The parts of the body most susceptible to the cold are the tips of the fingers and the tips of the toes. These areas are supplied by very small capillaries that constrict in the cold, cutting blood flow.

Protective Clothing

Many clothing materials are available today that provide the necessary insulation and also allow for the evaporation of perspiration from the foot. Evaporation of perspiration helps keep the skin from freezing by drawing moisture away from the skin and keeping the foot drier and warmer.

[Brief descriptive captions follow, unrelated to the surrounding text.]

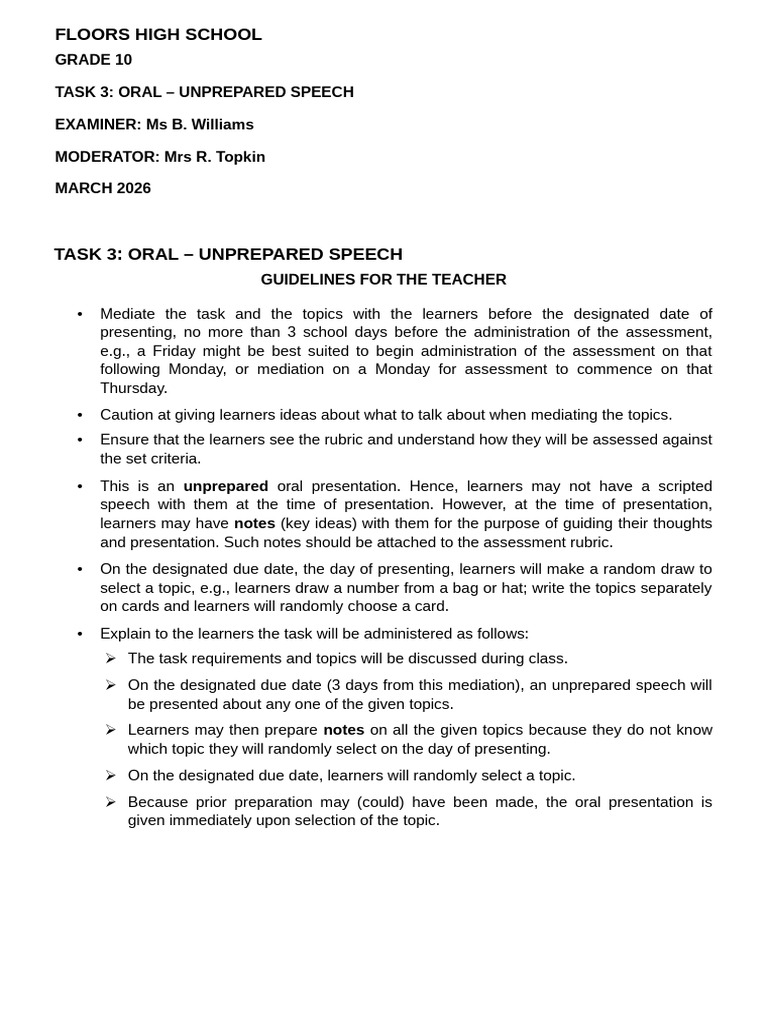Grade 10 Task Three - Unprepared Speech (Term One 2026) | PDF | Body ...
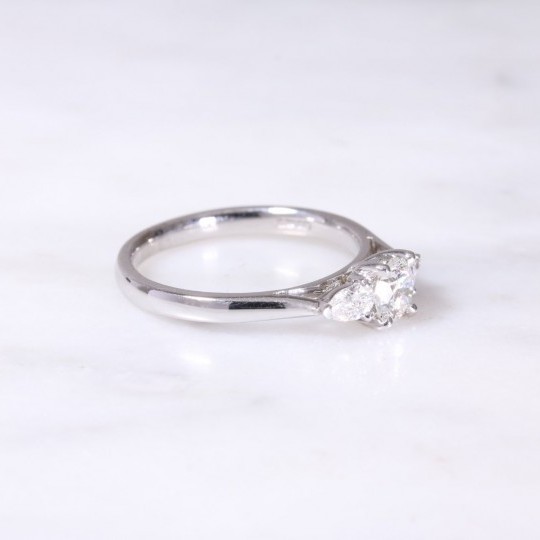 White Gold Round Brilliant & Pear Diamond Three Stone Ring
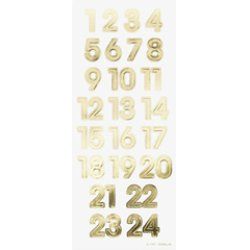 folia Stickers calendrier de l'Avent "NUMBERS IRIDESCENT"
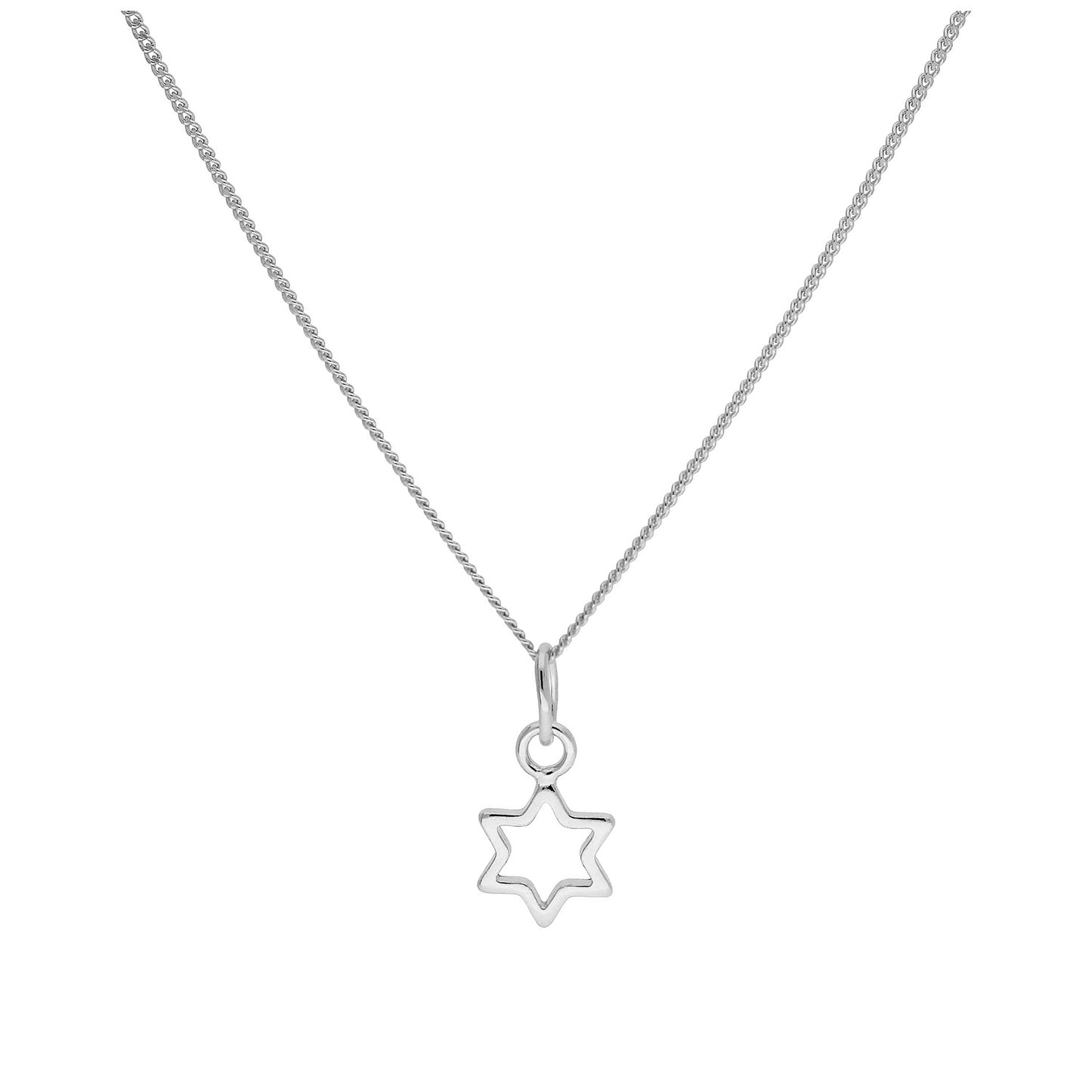 Winzige Halskette aus Sterlingsilber mit Sternkontur, 14–32 Zoll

Polypropylene is a synthetic material that helps draw moisture away from the skin. It is available now in all types of garments. Cotton is an excellent material for providing warmth; however, it has the tendency to get damp with perspiration. The best combination to wear is a sock liner made of polypropylene with a cotton sock over that. This combination will provide the best of both worlds. The polypropylene liners are quite thin and do not add a lot of bulk to the inside of the shoe.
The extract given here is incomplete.